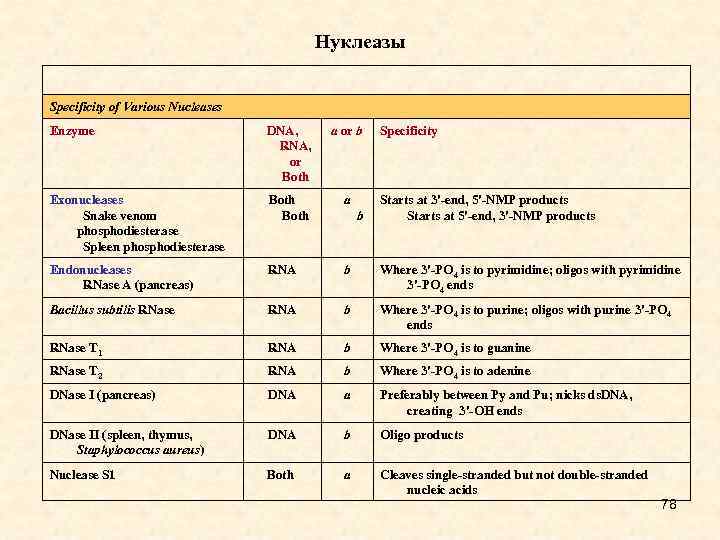 Нуклеазы Specificity of Various Nucleases Enzyme DNA, RNA, or Both a or b Exonucleases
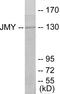 Junction Mediating And Regulatory Protein, P53 Cofactor antibody, EKC1614, Boster Biological Technology, Western Blot image 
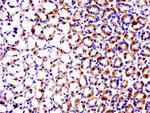 TRAF1 Antibody in Immunohistochemistry (Paraffin) (IHC (P))
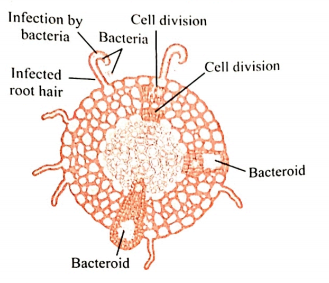Answer the following   Observe the diagram and answer the questions given below it.    How can infection of root hair by beneficial bacteria help plants?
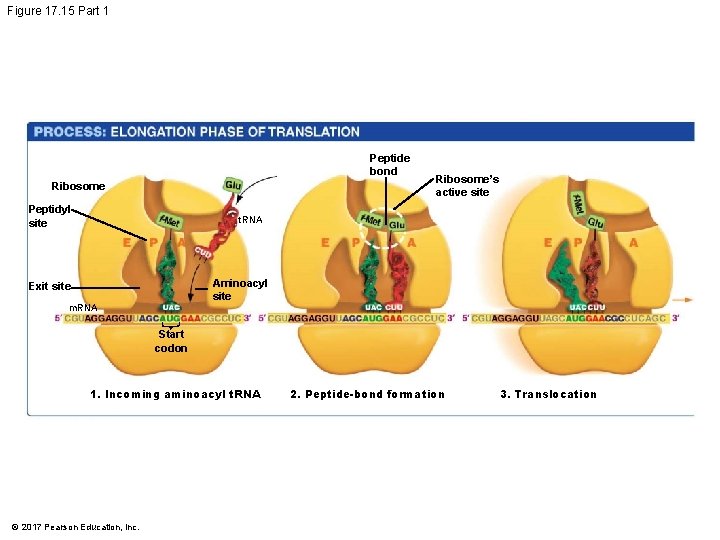 Figure 17. 15 Part 1 Peptide bond Ribosome Peptidyl site Ribosome’s active site t.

● **Description of the task**
Leave the pictures out, then output exactly the lines from the "Answer the following" line through the end of the records above, and no others.

● **Response**
Answer the following   Observe the diagram and answer the questions given below it.    How can infection of root hair by beneficial bacteria help plants?
 Figure 17. 15 Part 1 Peptide bond Ribosome Peptidyl site Ribosome’s active site t.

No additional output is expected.